SUPPLIED DATA =>
┌──

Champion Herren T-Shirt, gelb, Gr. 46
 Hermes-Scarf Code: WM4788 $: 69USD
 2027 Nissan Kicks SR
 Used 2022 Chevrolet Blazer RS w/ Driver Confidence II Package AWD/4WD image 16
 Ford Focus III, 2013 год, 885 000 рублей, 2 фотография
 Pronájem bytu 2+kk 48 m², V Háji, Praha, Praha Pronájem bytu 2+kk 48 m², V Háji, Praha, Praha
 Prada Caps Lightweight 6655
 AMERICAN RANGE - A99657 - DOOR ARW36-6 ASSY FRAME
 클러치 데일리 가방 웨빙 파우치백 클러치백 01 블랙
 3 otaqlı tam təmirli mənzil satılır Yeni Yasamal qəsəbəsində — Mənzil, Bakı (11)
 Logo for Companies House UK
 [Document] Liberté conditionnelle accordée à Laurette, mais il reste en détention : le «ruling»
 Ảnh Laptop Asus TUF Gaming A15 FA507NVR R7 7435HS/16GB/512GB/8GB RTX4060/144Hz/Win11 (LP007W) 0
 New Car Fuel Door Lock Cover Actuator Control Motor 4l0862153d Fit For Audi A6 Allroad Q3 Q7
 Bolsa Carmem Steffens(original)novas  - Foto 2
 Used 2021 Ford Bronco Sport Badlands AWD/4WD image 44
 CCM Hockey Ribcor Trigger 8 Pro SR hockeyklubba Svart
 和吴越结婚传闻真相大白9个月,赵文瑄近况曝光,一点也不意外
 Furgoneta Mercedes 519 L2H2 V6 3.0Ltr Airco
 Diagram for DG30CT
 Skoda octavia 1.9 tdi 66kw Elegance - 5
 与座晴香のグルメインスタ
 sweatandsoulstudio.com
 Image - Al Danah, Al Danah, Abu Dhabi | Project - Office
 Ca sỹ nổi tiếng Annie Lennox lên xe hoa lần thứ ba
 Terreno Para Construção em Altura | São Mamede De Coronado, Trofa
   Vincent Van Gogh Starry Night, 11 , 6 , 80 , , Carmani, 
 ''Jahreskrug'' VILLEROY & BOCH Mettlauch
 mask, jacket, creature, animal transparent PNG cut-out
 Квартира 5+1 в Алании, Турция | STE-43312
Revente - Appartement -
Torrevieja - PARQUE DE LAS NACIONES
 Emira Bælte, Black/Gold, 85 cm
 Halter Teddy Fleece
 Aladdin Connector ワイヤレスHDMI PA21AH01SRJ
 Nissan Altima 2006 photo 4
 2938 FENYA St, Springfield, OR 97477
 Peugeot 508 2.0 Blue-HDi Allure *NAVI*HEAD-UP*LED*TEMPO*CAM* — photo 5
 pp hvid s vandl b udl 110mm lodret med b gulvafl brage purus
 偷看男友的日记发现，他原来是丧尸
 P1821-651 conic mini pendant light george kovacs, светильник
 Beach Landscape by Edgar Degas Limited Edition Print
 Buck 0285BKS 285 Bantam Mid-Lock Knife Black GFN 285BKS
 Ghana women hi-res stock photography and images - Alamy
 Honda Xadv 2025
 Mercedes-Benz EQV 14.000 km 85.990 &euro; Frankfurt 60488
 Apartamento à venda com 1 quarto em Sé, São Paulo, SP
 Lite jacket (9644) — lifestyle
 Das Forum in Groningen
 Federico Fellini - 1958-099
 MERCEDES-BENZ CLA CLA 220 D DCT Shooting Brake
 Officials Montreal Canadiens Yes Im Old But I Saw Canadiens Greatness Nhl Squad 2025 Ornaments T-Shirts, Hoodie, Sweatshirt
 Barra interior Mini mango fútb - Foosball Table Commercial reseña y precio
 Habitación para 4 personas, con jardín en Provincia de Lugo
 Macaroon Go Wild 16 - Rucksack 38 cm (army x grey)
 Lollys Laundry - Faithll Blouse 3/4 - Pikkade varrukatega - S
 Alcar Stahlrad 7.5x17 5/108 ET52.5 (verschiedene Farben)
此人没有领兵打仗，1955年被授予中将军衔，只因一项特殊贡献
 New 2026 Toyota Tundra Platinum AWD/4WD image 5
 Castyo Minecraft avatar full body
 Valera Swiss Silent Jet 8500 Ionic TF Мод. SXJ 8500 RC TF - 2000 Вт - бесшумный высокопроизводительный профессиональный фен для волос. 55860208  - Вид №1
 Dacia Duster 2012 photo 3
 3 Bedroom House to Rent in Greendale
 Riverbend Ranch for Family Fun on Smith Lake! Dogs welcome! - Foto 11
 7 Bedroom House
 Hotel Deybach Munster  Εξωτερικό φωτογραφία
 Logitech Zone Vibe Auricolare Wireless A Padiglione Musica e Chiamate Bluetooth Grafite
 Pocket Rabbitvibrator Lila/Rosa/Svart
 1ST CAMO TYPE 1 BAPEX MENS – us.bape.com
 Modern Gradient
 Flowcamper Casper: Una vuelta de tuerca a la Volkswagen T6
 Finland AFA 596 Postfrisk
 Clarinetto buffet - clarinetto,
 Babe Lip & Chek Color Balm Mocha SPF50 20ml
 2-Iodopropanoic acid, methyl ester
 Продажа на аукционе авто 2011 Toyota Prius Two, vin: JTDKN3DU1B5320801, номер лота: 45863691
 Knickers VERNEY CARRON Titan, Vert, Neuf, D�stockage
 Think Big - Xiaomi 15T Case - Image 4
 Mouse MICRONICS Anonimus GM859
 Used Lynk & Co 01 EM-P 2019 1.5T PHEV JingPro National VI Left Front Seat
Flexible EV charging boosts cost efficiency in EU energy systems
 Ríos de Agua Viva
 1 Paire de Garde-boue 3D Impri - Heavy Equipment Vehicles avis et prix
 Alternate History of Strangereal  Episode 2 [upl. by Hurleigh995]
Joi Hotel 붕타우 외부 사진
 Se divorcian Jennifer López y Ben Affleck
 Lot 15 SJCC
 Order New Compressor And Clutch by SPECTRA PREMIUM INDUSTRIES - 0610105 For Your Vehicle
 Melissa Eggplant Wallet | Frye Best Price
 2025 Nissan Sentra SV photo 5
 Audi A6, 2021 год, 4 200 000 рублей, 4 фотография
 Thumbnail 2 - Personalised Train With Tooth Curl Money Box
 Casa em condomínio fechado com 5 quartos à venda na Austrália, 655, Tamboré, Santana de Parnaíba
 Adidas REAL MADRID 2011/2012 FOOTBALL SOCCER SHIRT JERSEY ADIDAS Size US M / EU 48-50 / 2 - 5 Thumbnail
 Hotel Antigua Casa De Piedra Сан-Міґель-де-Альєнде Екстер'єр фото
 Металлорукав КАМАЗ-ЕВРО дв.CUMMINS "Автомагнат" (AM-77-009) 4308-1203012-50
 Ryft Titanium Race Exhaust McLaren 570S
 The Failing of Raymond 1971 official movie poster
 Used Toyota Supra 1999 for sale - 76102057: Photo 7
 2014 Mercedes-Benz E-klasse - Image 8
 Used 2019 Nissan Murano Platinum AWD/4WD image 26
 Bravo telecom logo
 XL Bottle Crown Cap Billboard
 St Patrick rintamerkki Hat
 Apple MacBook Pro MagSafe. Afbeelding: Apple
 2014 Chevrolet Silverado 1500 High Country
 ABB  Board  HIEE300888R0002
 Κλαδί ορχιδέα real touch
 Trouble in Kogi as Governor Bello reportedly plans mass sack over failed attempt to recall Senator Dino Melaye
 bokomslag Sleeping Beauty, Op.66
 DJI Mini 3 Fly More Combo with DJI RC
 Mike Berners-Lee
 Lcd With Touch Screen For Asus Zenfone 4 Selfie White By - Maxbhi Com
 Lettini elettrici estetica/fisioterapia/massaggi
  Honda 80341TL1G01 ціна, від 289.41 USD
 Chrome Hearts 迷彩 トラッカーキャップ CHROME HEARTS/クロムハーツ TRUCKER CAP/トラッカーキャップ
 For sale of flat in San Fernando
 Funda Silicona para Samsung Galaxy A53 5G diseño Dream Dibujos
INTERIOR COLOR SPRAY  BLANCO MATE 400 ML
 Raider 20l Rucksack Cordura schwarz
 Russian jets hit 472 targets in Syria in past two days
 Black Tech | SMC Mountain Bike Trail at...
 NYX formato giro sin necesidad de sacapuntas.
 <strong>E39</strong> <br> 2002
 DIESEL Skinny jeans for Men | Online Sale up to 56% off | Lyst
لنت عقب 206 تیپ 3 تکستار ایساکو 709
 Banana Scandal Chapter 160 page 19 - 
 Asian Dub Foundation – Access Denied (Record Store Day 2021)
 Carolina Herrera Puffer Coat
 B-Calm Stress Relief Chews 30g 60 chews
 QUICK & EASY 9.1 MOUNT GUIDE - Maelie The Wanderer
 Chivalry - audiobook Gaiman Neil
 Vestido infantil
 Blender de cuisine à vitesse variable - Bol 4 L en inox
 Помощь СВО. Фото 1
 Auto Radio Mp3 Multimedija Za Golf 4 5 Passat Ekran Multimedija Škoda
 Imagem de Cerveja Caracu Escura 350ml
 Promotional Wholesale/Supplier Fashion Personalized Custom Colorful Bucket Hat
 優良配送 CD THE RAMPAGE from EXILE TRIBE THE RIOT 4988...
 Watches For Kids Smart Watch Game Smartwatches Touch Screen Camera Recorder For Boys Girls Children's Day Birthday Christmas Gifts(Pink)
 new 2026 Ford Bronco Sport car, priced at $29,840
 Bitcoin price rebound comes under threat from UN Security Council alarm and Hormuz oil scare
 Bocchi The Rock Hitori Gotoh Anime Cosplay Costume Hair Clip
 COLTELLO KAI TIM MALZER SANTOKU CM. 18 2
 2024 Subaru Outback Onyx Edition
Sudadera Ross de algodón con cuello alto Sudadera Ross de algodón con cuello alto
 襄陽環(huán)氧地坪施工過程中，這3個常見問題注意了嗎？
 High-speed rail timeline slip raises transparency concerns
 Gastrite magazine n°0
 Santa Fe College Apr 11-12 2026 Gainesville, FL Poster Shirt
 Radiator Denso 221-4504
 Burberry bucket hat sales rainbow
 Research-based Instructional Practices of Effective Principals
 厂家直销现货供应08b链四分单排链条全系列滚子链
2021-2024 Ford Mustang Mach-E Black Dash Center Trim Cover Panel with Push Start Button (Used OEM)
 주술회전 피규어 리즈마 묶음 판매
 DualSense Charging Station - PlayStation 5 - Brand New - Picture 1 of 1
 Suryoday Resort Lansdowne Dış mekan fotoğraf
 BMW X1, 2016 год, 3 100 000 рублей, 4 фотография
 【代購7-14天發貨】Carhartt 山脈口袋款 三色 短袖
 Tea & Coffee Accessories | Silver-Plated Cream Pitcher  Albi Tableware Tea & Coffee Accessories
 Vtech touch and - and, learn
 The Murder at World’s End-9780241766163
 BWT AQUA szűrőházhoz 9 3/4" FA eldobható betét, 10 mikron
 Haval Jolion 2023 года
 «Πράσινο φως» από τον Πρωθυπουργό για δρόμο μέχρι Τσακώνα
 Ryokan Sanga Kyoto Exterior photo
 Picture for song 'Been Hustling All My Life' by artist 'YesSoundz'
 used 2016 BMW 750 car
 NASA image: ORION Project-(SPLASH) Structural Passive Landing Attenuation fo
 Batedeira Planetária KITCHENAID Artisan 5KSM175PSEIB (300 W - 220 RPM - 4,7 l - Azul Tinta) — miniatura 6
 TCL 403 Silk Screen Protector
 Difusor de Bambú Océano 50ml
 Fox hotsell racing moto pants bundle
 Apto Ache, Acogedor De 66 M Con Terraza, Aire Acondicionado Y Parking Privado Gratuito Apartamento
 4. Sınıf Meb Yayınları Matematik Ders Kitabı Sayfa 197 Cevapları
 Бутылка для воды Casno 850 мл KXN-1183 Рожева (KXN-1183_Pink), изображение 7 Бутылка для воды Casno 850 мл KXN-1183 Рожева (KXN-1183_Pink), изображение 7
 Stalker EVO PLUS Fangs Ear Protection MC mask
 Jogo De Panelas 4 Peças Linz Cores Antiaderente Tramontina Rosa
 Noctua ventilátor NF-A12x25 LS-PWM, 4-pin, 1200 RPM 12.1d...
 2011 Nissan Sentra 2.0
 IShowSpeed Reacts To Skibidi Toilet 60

└──

TASK DESCRIPTION => Look above for the line that contains "1ST CAMO TYPE 1 BAPEX MENS – us.bape.com". Starting there, transcribe every line exactly until you have copied the line that contains "2025 Nissan Sentra SV photo 5".

YOUR SOLUTION =>
 1ST CAMO TYPE 1 BAPEX MENS – us.bape.com
 Modern Gradient
 Flowcamper Casper: Una vuelta de tuerca a la Volkswagen T6
 Finland AFA 596 Postfrisk
 Clarinetto buffet - clarinetto,
 Babe Lip & Chek Color Balm Mocha SPF50 20ml
 2-Iodopropanoic acid, methyl ester
 Продажа на аукционе авто 2011 Toyota Prius Two, vin: JTDKN3DU1B5320801, номер лота: 45863691
 Knickers VERNEY CARRON Titan, Vert, Neuf, D�stockage
 Think Big - Xiaomi 15T Case - Image 4
 Mouse MICRONICS Anonimus GM859
 Used Lynk & Co 01 EM-P 2019 1.5T PHEV JingPro National VI Left Front Seat
Flexible EV charging boosts cost efficiency in EU energy systems
 Ríos de Agua Viva
 1 Paire de Garde-boue 3D Impri - Heavy Equipment Vehicles avis et prix
 Alternate History of Strangereal  Episode 2 [upl. by Hurleigh995]
Joi Hotel 붕타우 외부 사진
 Se divorcian Jennifer López y Ben Affleck
 Lot 15 SJCC
 Order New Compressor And Clutch by SPECTRA PREMIUM INDUSTRIES - 0610105 For Your Vehicle
 Melissa Eggplant Wallet | Frye Best Price
 2025 Nissan Sentra SV photo 5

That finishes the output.